Die erste Idee, einen Film über die Dresdner Elektroszene zu machen, kam ihm 2010, als er bemerkte, dass sich bereits eine neue Generation von Musikern und Partycrews in der Stadt formiert hatte, die zwar an früheres anschloss, aber auch ganz neue Impulse und Arbeitsweisen mitbrachte. „Da ist mir bewusst geworden, dass Dresden dahingehend schon etwas zu bieten hat und dass die Szene schon sehr besonders ist im Gegensatz zu anderen Städten. Es sollte zunächst ein Gegenwartsfilm werden, hat sich dann aber eher in eine historische Richtung entwickelt.“ Nachdem die erste Idee zu dem Film zwei Jahre reifen musste, hat Schlaack den No-Budget-Film über vier Jahre hinweg zu größten Teilen eigenständig in seiner Freizeit produziert. Das hätte aber vor allem auch den Grund gehabt, dass es in Dresden ziemlich schwierig ist, spontan eine Filmcrew zusammenzustellen, zumal für unbezahlte Herzensprojekte.
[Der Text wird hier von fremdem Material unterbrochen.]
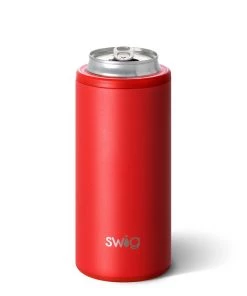 Swig Matte Red Skinny Can Cooler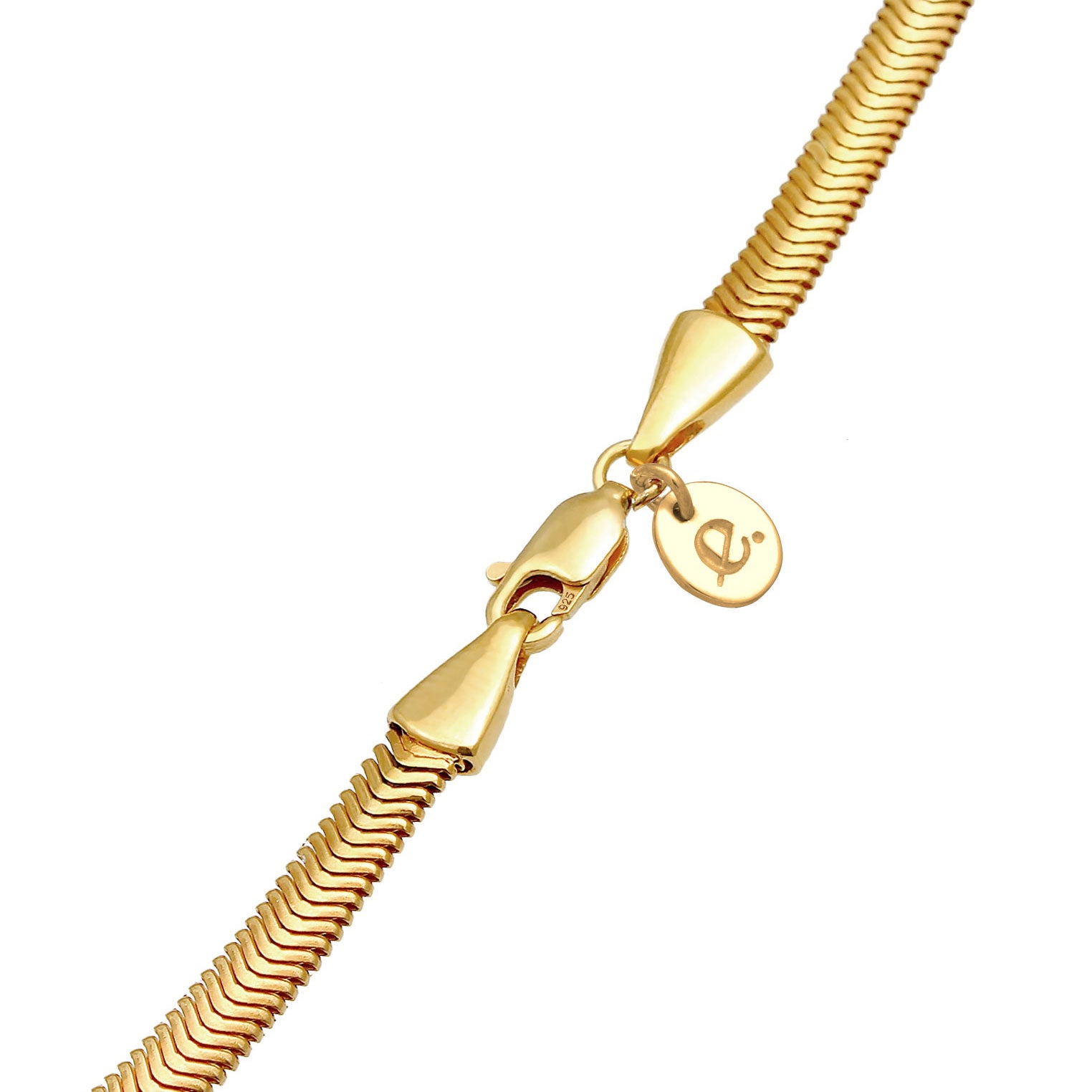 Gold Perhiasan Wanita Perak Asli - Silver Kalung  Snake Flat Elegant Herringbone Trend Blogger Lapis Emas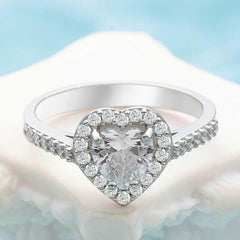 Silver White Stone Heart Women's Ring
Von der hiesigen Filmszene wünscht er sich daher, dass sie ein bisschen näher zusammenrückt und auch mal gemeinsam größere Projekte zusammen anstößt. In anderen Städten gehe das doch auch.
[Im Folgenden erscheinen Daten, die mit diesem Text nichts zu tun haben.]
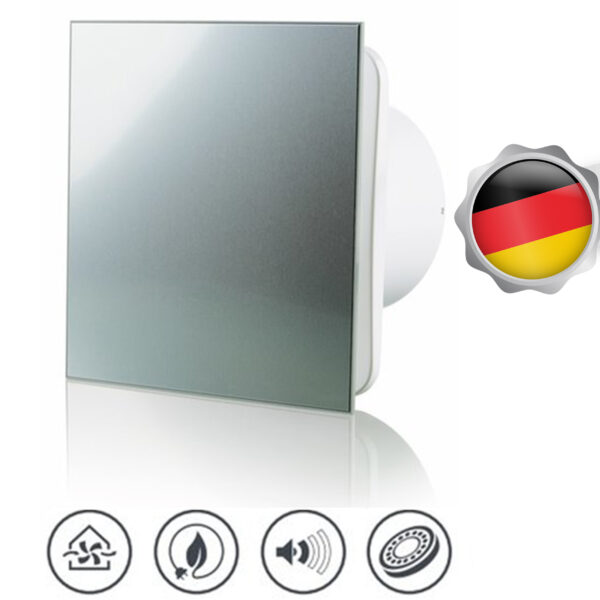 Vlano S-125 Izplūdes ventilators Alumat (Vienkārša kompl.) ⌀125 mm | Īpaši kluss, 8W, Alumīnija panelis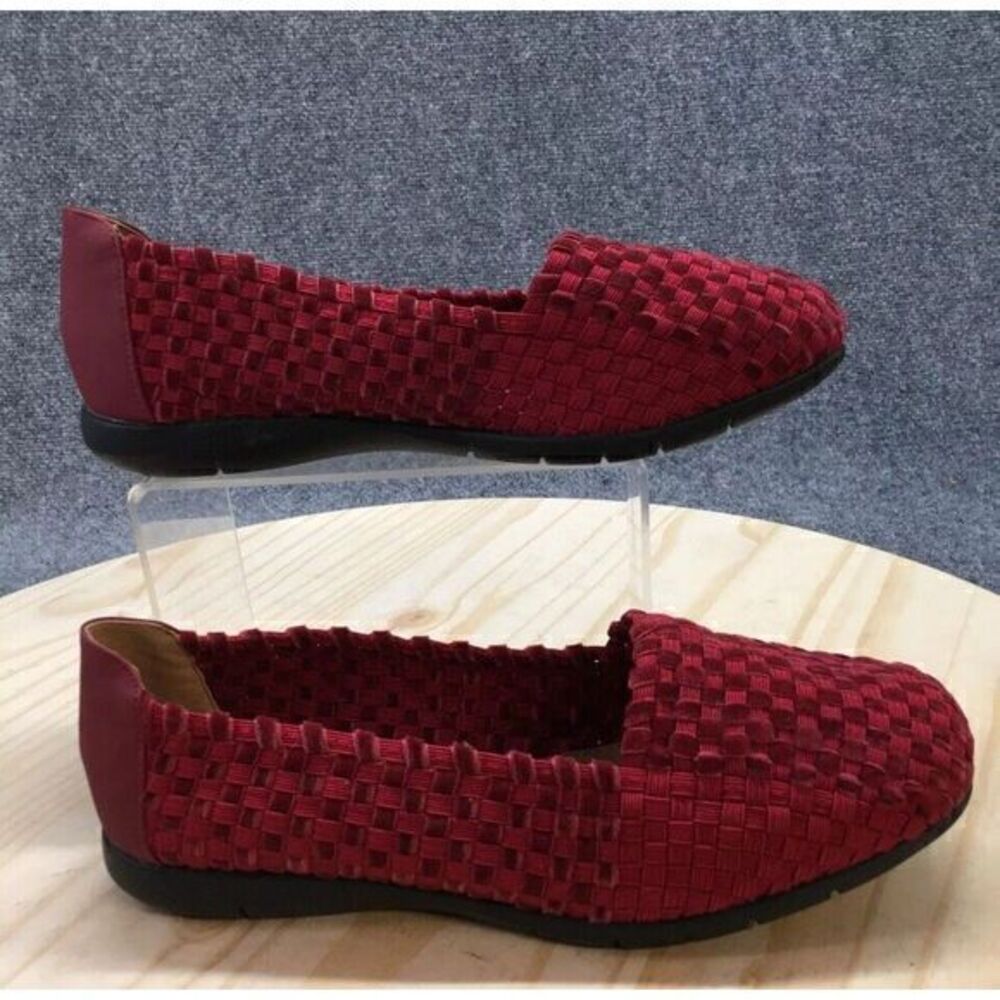 Comfortview Bethany Woven Red flat loafers Shoes Womens 8M Slip On Maroon Casual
Diese Skepsis auf der einen Seite, ein sehr familiärer Umgang auf der anderen Seite, sieht Schlaack mittlerweile als dresdentypisches Phänomen, das er als „Talmentalität“ bezeichnet. Das sei auch gar nicht negativ gemeint. Diese Stadt lebe von seinen Kontrasten und Spannungsfeldern, die eine vielfältige Stadtgesellschaft mit sich bringe, zugleich ist diese aber überschaubar und auch ein bisschen provinziell, was einen gewissen Reiz ausübe – auch auf die Underground-Szene. Diese Faszination will der Kameramann gerne in einem Dokumentarfilm festhalten und wird daher vielleicht den Ausgangspunkt für sein nächstes Projekt bilden.